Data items
▼▼▼

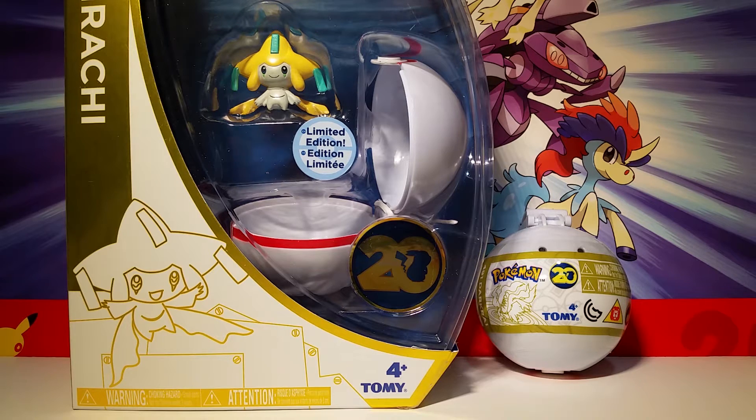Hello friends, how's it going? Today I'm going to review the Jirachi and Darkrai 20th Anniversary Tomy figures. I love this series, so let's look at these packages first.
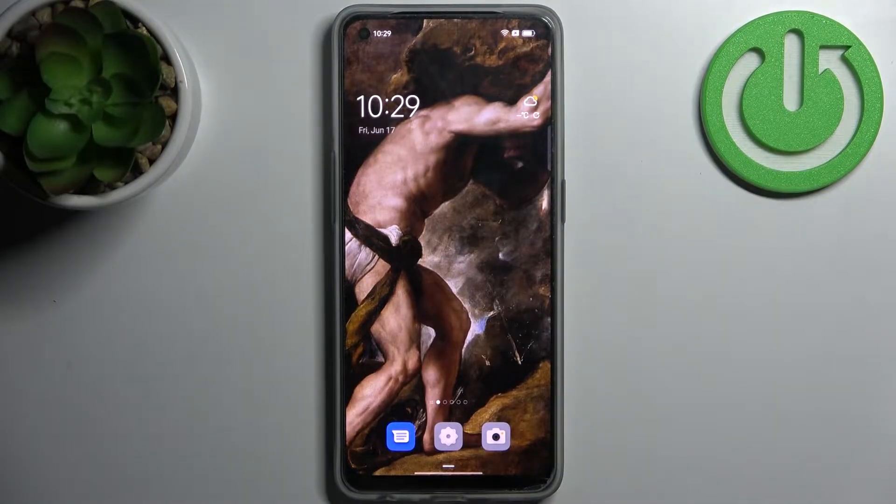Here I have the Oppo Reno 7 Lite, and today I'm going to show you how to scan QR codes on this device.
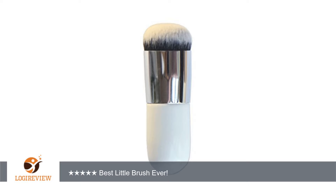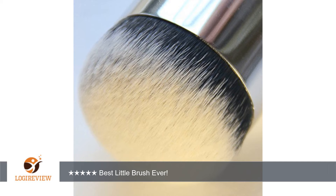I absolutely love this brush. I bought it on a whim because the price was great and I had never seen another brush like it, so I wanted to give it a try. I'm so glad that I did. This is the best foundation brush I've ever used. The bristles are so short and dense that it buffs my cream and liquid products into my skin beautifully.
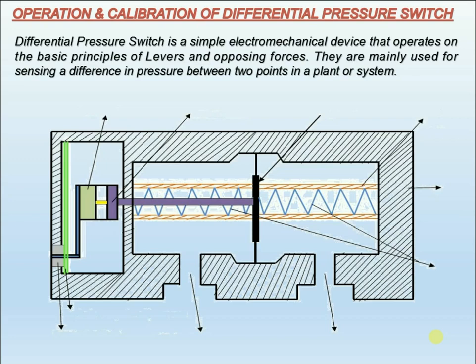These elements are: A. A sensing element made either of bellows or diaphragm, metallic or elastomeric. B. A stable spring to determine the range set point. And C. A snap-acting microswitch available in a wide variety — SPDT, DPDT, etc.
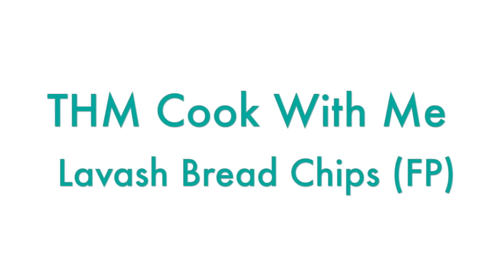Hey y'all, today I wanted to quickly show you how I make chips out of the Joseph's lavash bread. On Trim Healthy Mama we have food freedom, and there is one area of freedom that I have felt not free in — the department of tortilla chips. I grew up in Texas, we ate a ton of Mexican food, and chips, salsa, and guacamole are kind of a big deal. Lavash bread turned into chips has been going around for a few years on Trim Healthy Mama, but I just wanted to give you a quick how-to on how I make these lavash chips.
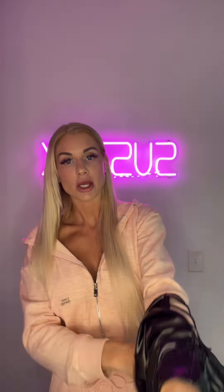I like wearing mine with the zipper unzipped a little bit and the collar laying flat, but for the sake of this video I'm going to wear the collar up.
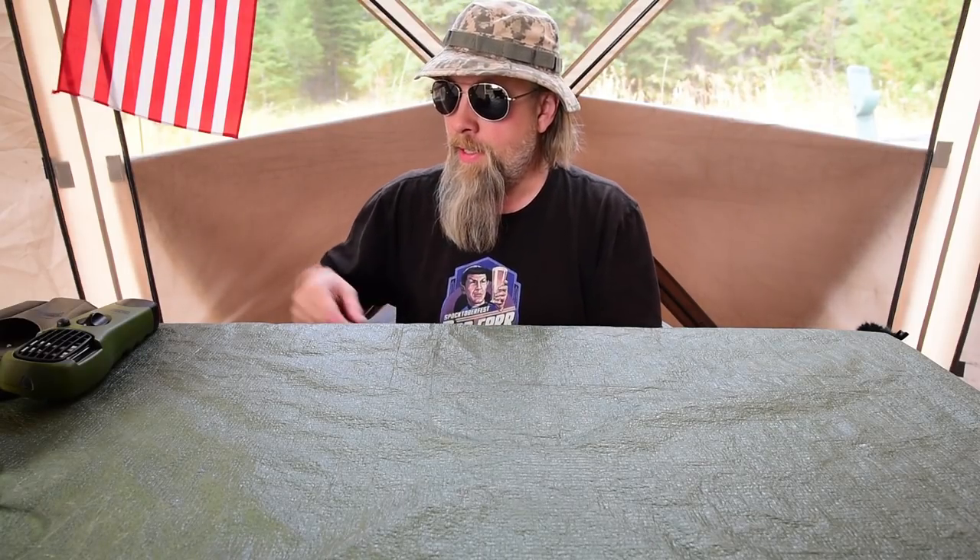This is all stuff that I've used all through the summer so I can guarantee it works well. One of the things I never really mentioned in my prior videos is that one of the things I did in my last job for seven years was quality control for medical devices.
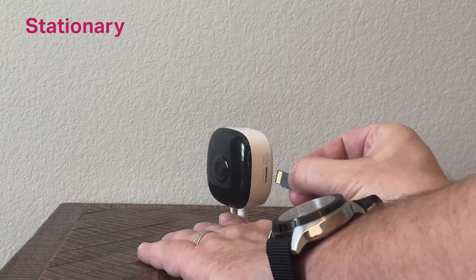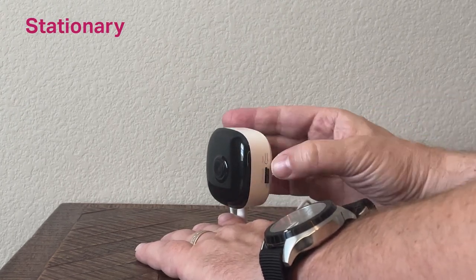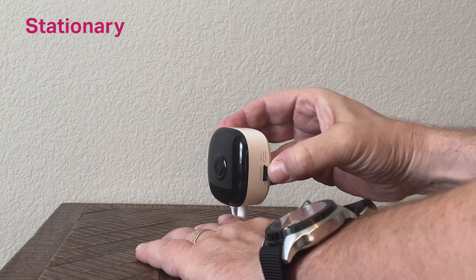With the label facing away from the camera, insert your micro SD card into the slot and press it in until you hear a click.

▲▲▲

» Exercise prompt
If a line comes after the line with "These elements are: A.", it stays out; print exactly every line from the start of the entries up to and including that line, but no pictures.

» Output of the exercise
Hello friends, how's it going? Today I'm going to review the Jirachi and Darkrai 20th Anniversary Tomy figures. I love this series, so let's look at these packages first.
Here I have the Oppo Reno 7 Lite, and today I'm going to show you how to scan QR codes on this device.
I absolutely love this brush. I bought it on a whim because the price was great and I had never seen another brush like it, so I wanted to give it a try. I'm so glad that I did. This is the best foundation brush I've ever used. The bristles are so short and dense that it buffs my cream and liquid products into my skin beautifully.
These elements are: A. A sensing element made either of bellows or diaphragm, metallic or elastomeric. B. A stable spring to determine the range set point. And C. A snap-acting microswitch available in a wide variety — SPDT, DPDT, etc.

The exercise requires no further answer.